YOUR PERCEPTION OF NORMAL COULD BE LIMITING YOUR GROWTH?

Our bodies are constantly adapting. I see people of all ages, from different backgrounds, each individual with their own experience of pain and weakness. Most have learned to live with this feeling and avoid certain movements through fear, apprehension or a lack of practice over time.

This restricted level of function has become their new norm.


My experience of this was quite recent. In preparation for a snowboarding trip to Mt Hutt I thought I’d get some practice in at the local indoor slope. After having not snowboarded for 2 years I was already feeling a level of anxiety knowing what was coming. Getting there I decided to have a few practice runs on the magic carpet (a beginners slope, relatively flat).

My first run went as expected, with a few falls, poor coordination of my feet, but this slowly improved. I was soon at the top of the slope back to my novice level of linking turns, still with a few falls.

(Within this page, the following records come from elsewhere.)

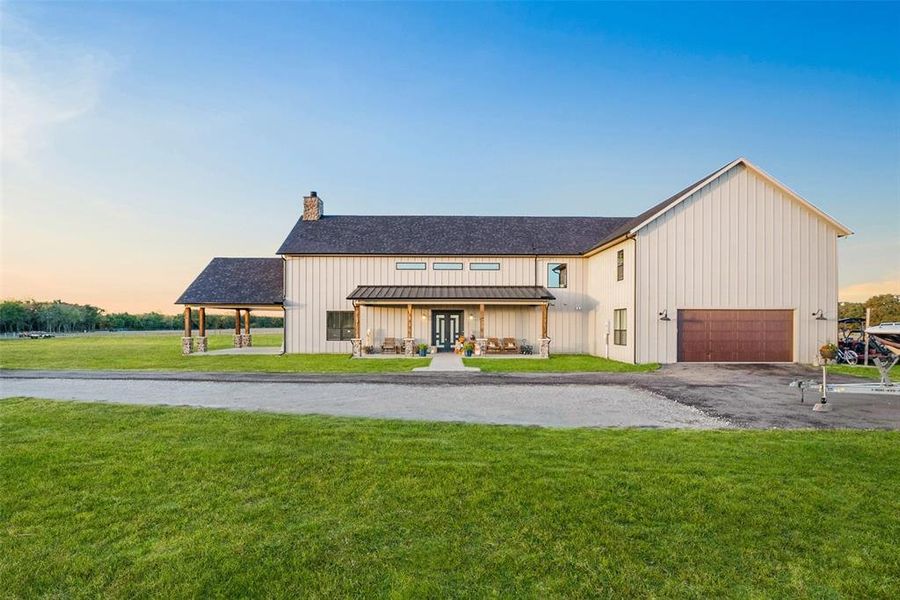 Exterior details and patio area of a home in , Quinlan (Image 22).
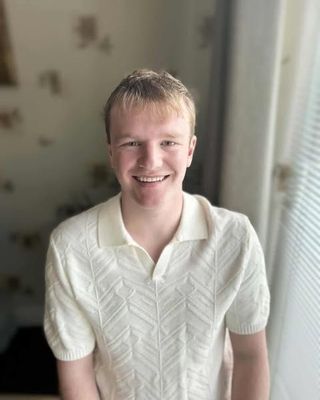 Photo of Ben Groome, Psychotherapist, MSc, BACP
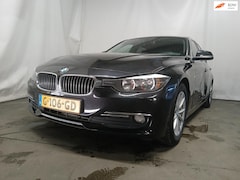 BMW 3-serie Touring - 320d EfficientDynamics Edition Executive SCHADEAUTO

At that point, I was then trying to push myself to go over small ramps, this lead to a return of anxiety. But once accepting that I can overcome this challenge and then achieve it my confidence only increased more.


For new Crossfitters the box jump can be quite a daunting obstacle. For some, it’s a movement that’s not been attempted for years. This isn’t their current norm and has been lost from their movement vocabulary. With appropriate scaling of this skill and positive reinforcement they are able to clear this milestone. Confidence quickly increases and it becomes a normal skill within their training.

Our bookends of normal function throughout life are expected to change with the onset of physical deficits. But when these restrictions are defined by lifestyle rather than capabilities our limitations are instead self-imposed.

Many people think that the body only adapts to the physical, without considering that psychological barriers could be the largest hurdle.

Thinking under the premise that “we can’t do something because we haven’t tried it” only sets us up for a limited version of ourselves. Try accepting that we are capable of doing more than we perceive, through patience of developing skills and strength. This will slowly help you define your new normal.